BEGIN DATA EXCERPTS
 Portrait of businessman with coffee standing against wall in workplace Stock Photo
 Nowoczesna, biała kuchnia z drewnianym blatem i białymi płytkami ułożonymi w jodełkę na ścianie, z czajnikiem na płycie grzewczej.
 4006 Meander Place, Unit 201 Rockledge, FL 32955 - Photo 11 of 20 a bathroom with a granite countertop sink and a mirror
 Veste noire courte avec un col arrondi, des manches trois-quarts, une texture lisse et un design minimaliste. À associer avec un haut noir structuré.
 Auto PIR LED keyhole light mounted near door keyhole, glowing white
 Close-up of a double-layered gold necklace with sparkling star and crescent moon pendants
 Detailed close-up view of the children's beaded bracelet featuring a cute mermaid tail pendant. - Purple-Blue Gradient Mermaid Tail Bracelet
END DATA EXCERPTS
• _WHAT YOU ARE ASKED TO DO_
Look back at the entries above. Retype the line with "Nowoczesna, biała kuchnia", the line with "4006 Meander Place, Unit", and all lines in between.

• _EXPECTED ANSWER_
 Nowoczesna, biała kuchnia z drewnianym blatem i białymi płytkami ułożonymi w jodełkę na ścianie, z czajnikiem na płycie grzewczej.
 4006 Meander Place, Unit 201 Rockledge, FL 32955 - Photo 11 of 20 a bathroom with a granite countertop sink and a mirror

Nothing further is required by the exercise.